## What is being asked
One range is to be output from the listing below, exactly as written: the line with "Parchment Interior Controls" to the line with "China Solar line", both kept.

## Input for this task
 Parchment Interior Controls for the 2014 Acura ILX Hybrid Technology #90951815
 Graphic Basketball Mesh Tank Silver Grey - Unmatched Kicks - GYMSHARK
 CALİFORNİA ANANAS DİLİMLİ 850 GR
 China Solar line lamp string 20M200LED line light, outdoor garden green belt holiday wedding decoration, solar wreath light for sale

--

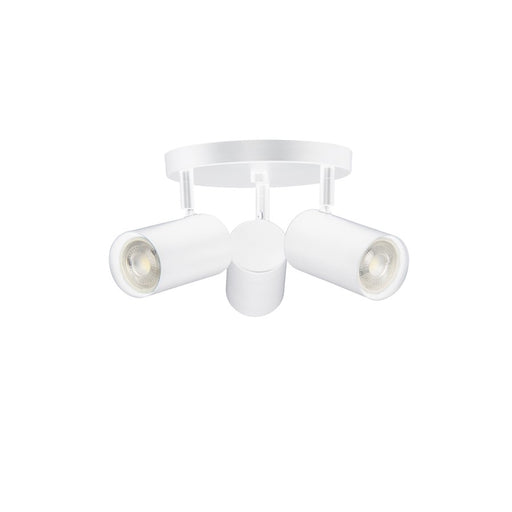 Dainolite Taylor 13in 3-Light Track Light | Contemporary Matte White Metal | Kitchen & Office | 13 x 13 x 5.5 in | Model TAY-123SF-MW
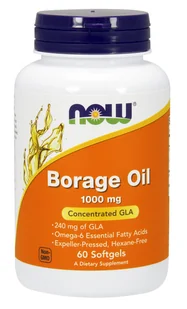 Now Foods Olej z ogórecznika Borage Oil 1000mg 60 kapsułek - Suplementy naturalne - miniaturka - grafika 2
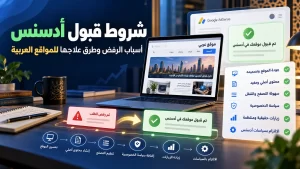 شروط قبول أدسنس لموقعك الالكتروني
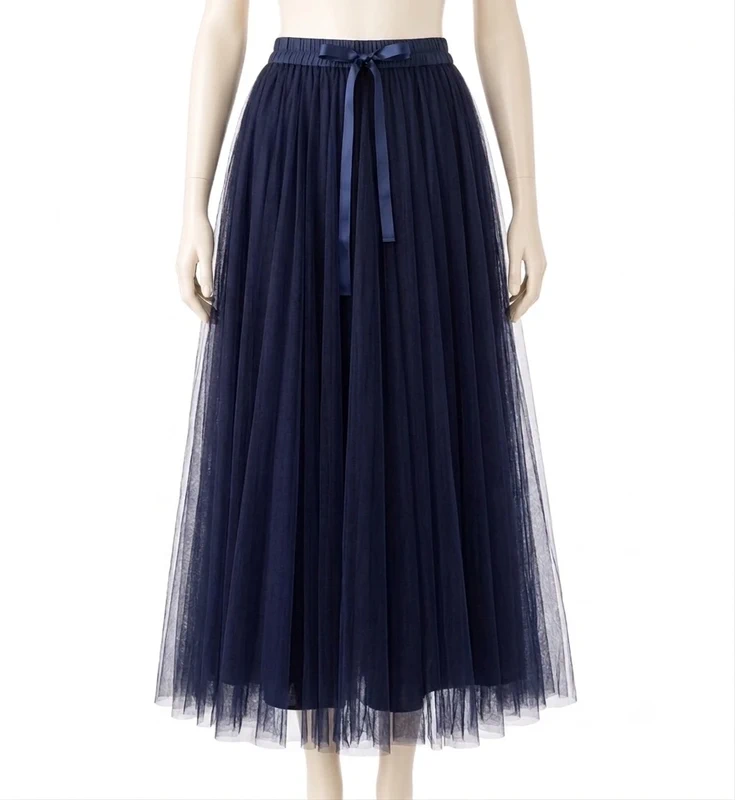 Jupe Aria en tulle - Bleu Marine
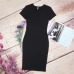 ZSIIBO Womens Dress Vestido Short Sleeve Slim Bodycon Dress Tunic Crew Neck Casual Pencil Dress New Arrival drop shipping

## Response area
 Parchment Interior Controls for the 2014 Acura ILX Hybrid Technology #90951815
 Graphic Basketball Mesh Tank Silver Grey - Unmatched Kicks - GYMSHARK
 CALİFORNİA ANANAS DİLİMLİ 850 GR
 China Solar line lamp string 20M200LED line light, outdoor garden green belt holiday wedding decoration, solar wreath light for sale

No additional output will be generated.